Canada's main stock index joined U.S. markets in the red Monday as a Federal Reserve meeting looms and a share price hit at Facebook over improper data use weighed on the tech sector.
The S&P/TSX composite index closed down 121.94 points to 15,589.39, led by declines in energy and base metals as both oil and copper prices slipped.
Aeroplan parent company Aimia Inc. was a bright spot on the TSX, up 25 per cent to $2 after announcing a partnership with online giant Amazon that will offer members rewards for shopping with the world's largest retailer.
The Canadian dollar made slight gains, closing up 0.05 of a US cent at 76.46 cents US, but could be tested later this week when the U.S. Federal Reserve gives more details on its rate hike plans, said Michael Currie, vice-president of TD Wealth Private Investment Advice.
"With the Fed meeting Wednesday that's definitely going to be putting some pressure on Canada."
The amount of pressure depends on how many rate hikes the Fed indicates, especially since the Bank of Canada isn't giving any signs of a rate hike coming any time soon, said Currie.
The potential hit to the Canadian dollar comes after steep declines in recent weeks, but it's more of a return to the expected range, he said.

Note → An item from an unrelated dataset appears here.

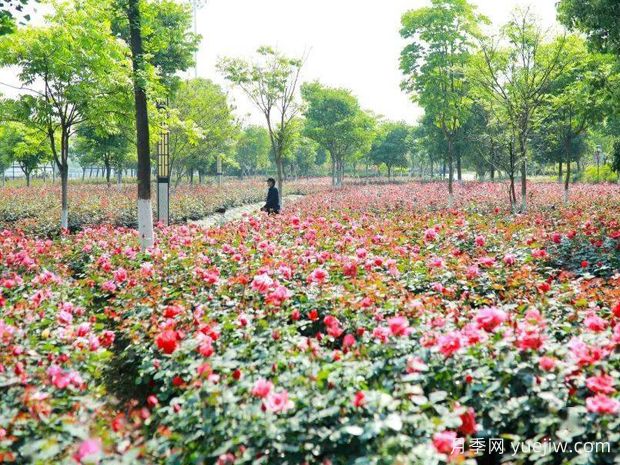 東陽(yáng)月季市花文化和景觀(guān)圖集(圖3)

"It's still trading in the range. I think everyone was surprised a month or so ago when it was trading at 81 and a half, didn't seem to be a lot of fundamental support on that one. So even though it's been pulling back, it's pulling back from a high point. Most people see it in the seventies."
In U.S. markets, the Nasdaq composite index was down 137.75 points to 7,344.24. The Dow Jones industrial average was down 335.60 points to 24,610.91 and the S&P 500 index was down 39.09 points to 2,712.92.
Facebook was a drag on the Nasdaq, down 6.77 per cent after facing criticism from reports that a data mining firm working for the Trump campaign improperly obtained and then kept data on tens of millions of users.
"You've got people in Canada, U.K., the States, EU all talking about the allegations they want to have hearings go on, so they're obviously taking this pretty seriously around the world," said Currie.
The decline in the Nasdaq comes after the market hit a recent high, with it still looking quite healthy, he said.
"We have to take it in the context that even though the Nasdaq is down pretty heavy, it's still up five per cent year to date, and just last week it was at a record high. So probably more of a breather here on the tech stocks than a correction."
On the commodity front, the May crude contract closed down 28 cents to US$62.13 per barrel and the April natural gas contract was down four cents to US$2.65 per mmBTU.
The April gold contract closed up $5.50 to US$1,317.80 an ounce and the May copper contract was down three cents to US$3.08 a pound.